Rough ideas would be great, thanks, NS


----------



## johnthompson (Jul 29, 2010)

Thanks guys

We have a 1992 Hymer S700 and have the same wear problem on our large rear window blind.

We also have problems with them not latching in place on other units.

We have been debating taking them off to have a look at what is required to fix them.

I am now going to have a look at leisurespares.co.uk 

Edit

I followed the link to Dometic from Leisurespares site and it looks to me that the 1992 blinds are the "Combination cassette roller blind 38" not the "Comfort Blind" system.

I could not see a link to a Dometic Dealer site that links to windows or blinds. Could the link be posted please.

John


----------



## Tucano (Jun 9, 2006)

I have given this post a bump as I am interested in the subject matter myself.
Norman.


----------



## Pudsey_Bear (Sep 25, 2008)

It looks like a fairly straight forward job I've got Seitz windows in bits right now, well in 2 halves anyway, the parts are all available I think.

Some parts can be got on Ebay, especially the catches, Magnum motorhomes, and O'learys also do some parts.
Don't bother going to leisureshopdirect, I don't think the staff are very helpful, I tried getting a simple screw kit and they couldn't confirm the part number I used from their own site.

Leisure spares are it seems much better, just ring them.

CONTACT
Leisure Spares Ltd
Miro House
9 Becklands Close
Boroughbridge
North Yorkshire
YO51 9NR
Phone line - opening hours

Monday: 9:00 am - 5:00 pm
Tuesday: 9:00 am - 5:00 pm
Wednesday: 9:00 am - 5:00 pm
Thursday: 9:00 am - 5:00 pm
Friday: 9:00 am - 4:00 pm
tel 01423 320009
fax 01423 320006
email	[email protected]

Kev.


----------



## johnthompson (Jul 29, 2010)

Kev_n_Liz said:


> It looks like a fairly straight forward job I've got Seitz windows in bits right now, well in 2 halves anyway, the parts are all available I think.
> 
> Some parts can be got on Ebay, especially the catches, Magnum motorhomes, and O'learys also do some parts.
> Don't bother going to leisureshopdirect, I don't think the staff are very helpful, I tried getting a simple screw kit and they couldn't confirm the part number I used from their own site.
> ...


Hi Kev

I have had the same problem with leisureshopdirect, I sent them an email and it took a long time for them to reply. My enquiry was for a 240v element for my fridge. They sent me a part number. 
I then contacted Peter Hambilton at Preston and quoted the part number. He replied that there was no such part number.
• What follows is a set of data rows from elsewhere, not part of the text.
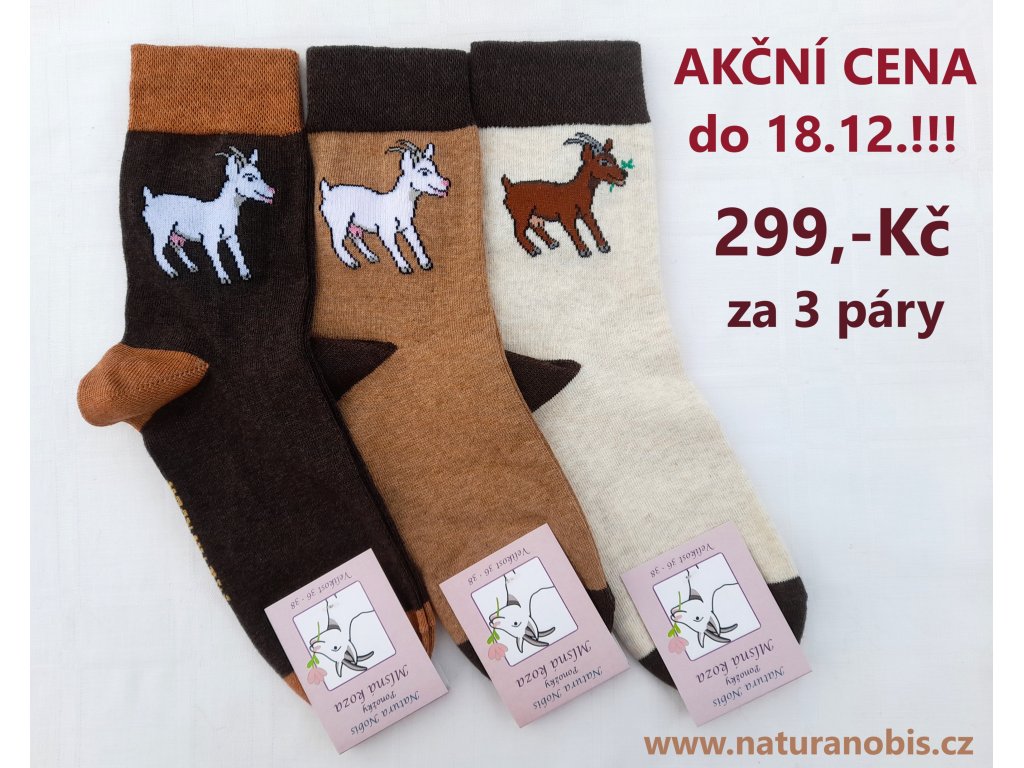 Dámské ponožky Mlsná koza zvýhodněné trojbalení vel. 36-38 a 39-42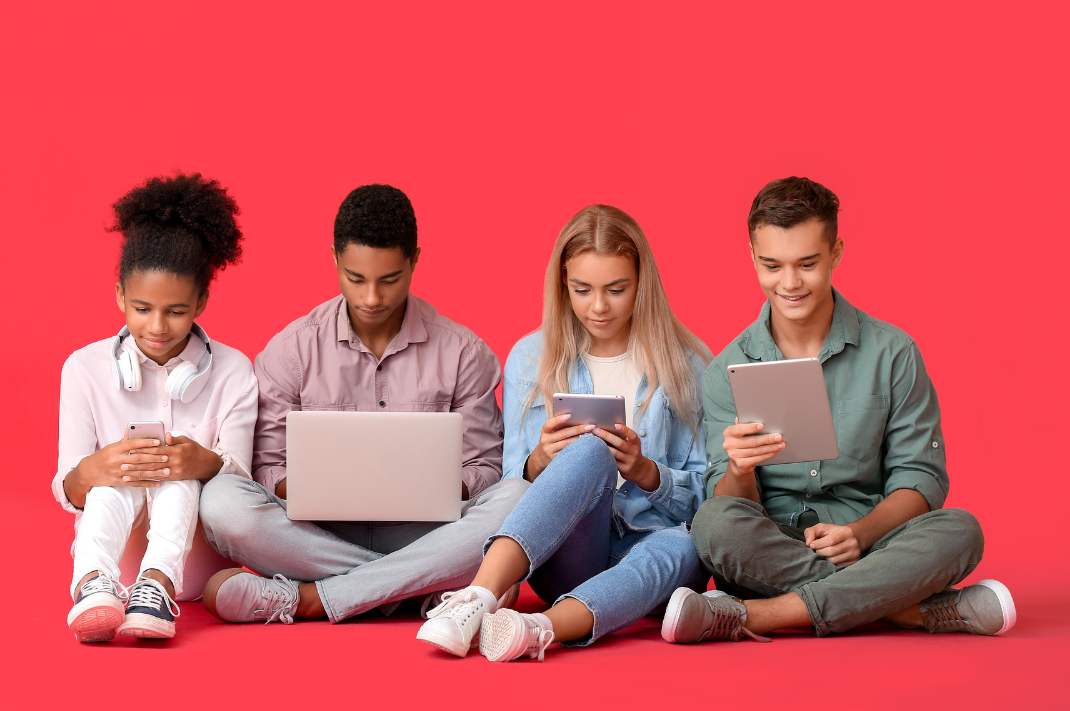 Group of young people online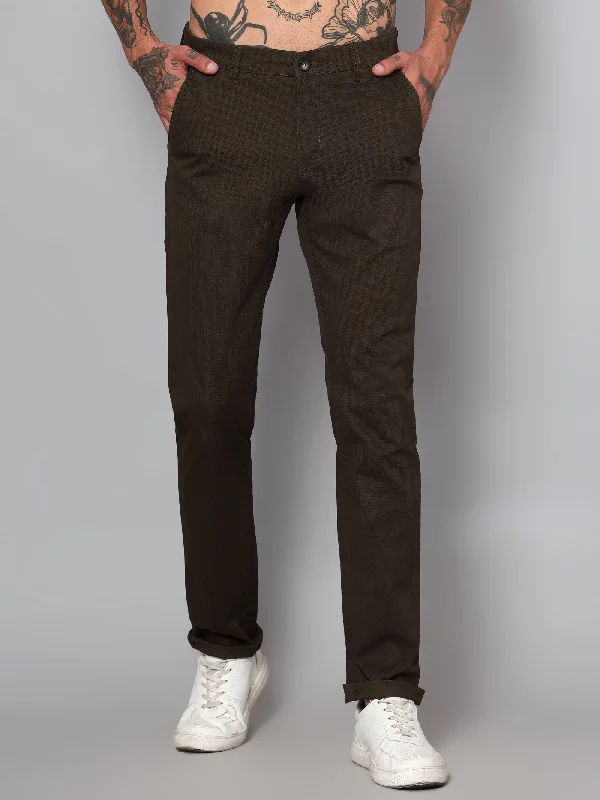 Men's Casual Flat front Olive Green  Trousers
I have had good dealings with Leisure Spares Ltd

Yesterday we took our kitchen casette blind down to see how things worked before tackling the large rear window.

John


----------



## Pudsey_Bear (Sep 25, 2008)

johnthompson said:


> Kev_n_Liz said:
> 
> 
> > It looks like a fairly straight forward job I've got Seitz windows in bits right now, well in 2 halves anyway, the parts are all available I think.
> ...


I considered sending them a email, with all the negative comments on here about them, a sort of shot across the bow before they sink, but was overcome by the same apathy that seems to affect them.

Kev.


----------